The problem | Repeat only the lines below that run from the line with "434 Girard St" to the line with "2024 Jeep Compass - $21,340", ends included; skip every picture.

Entries shown |
——

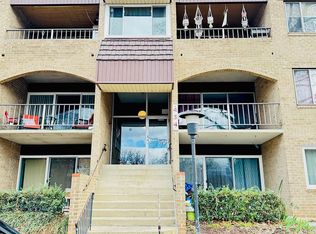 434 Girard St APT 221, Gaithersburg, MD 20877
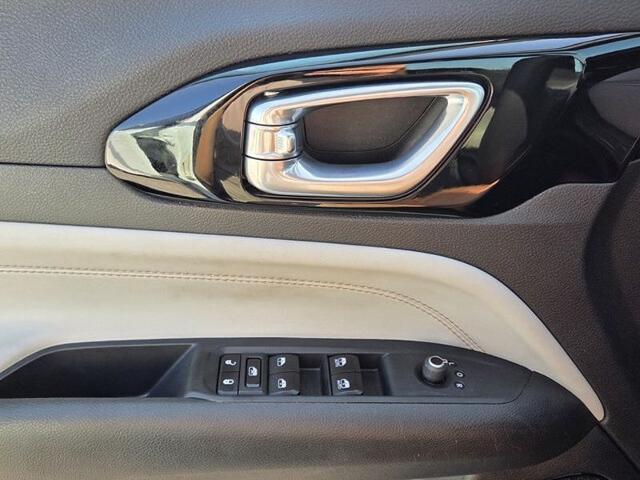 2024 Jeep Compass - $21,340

——

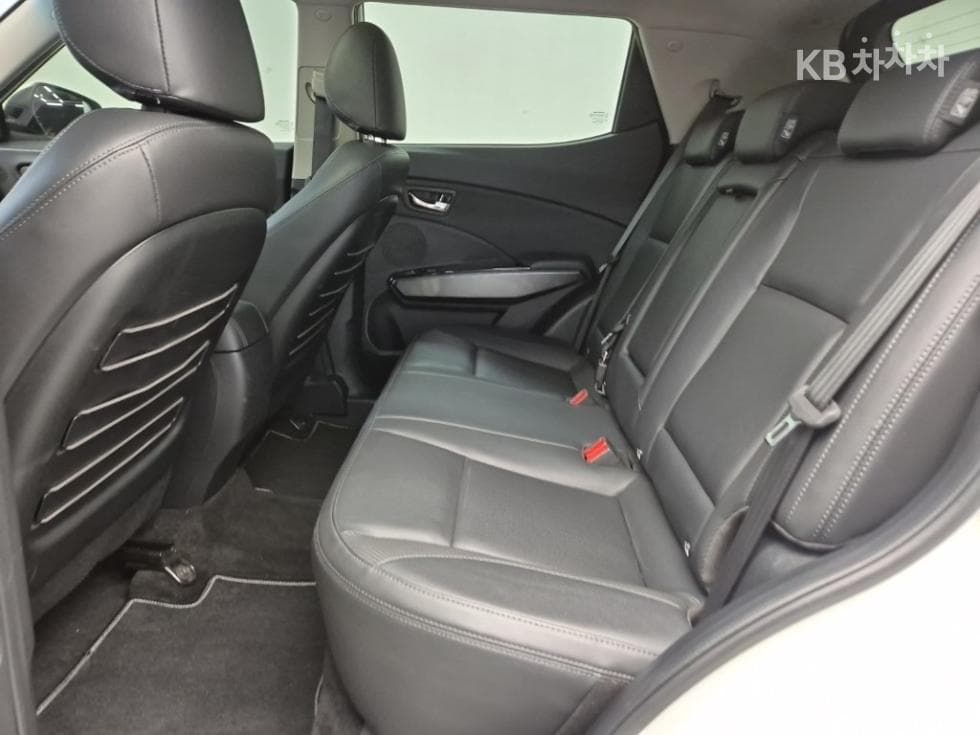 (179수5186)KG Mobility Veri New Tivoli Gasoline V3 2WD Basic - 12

——

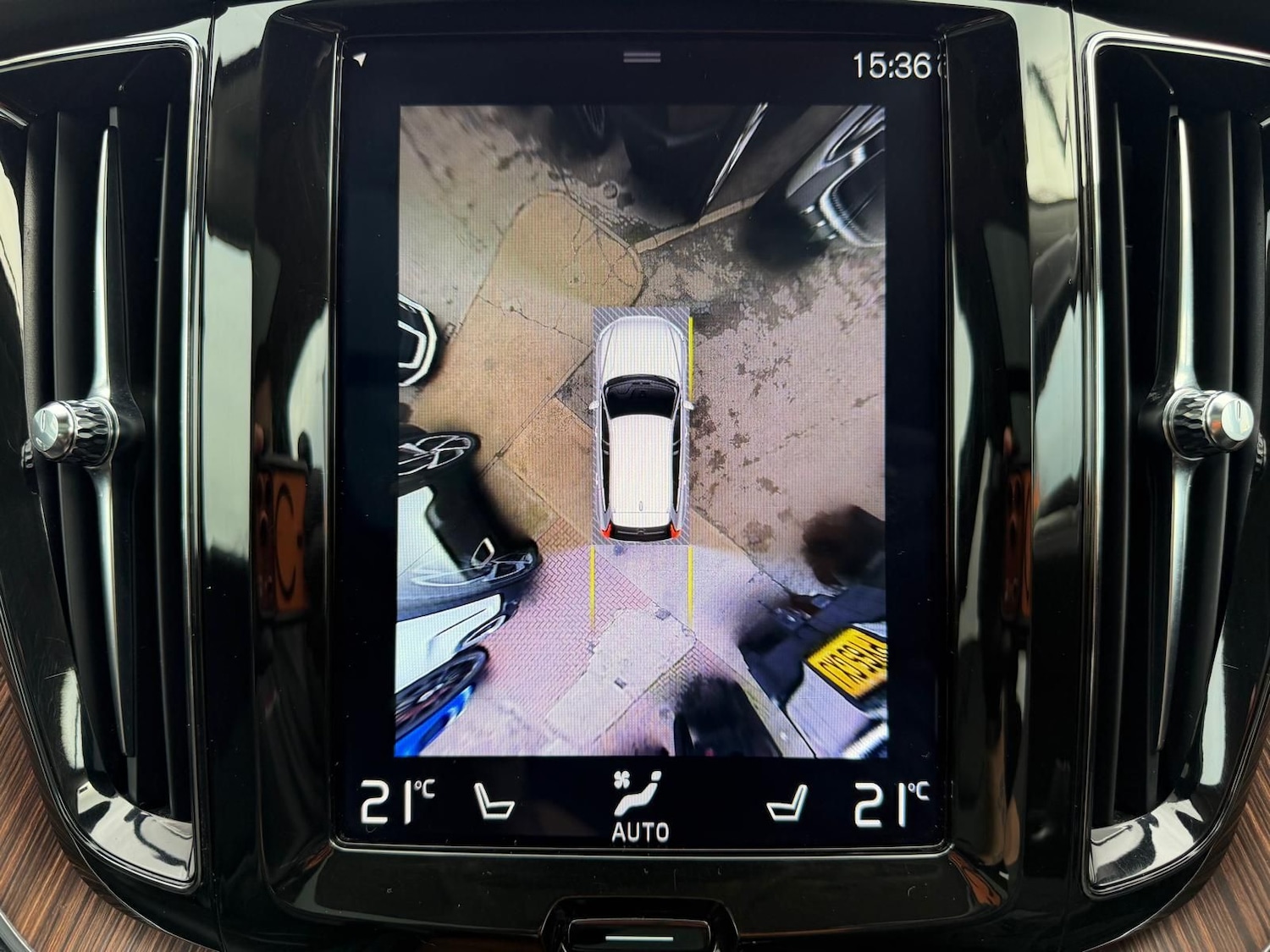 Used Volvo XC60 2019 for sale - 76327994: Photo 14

——

Your solution |
 434 Girard St APT 221, Gaithersburg, MD 20877
 2024 Jeep Compass - $21,340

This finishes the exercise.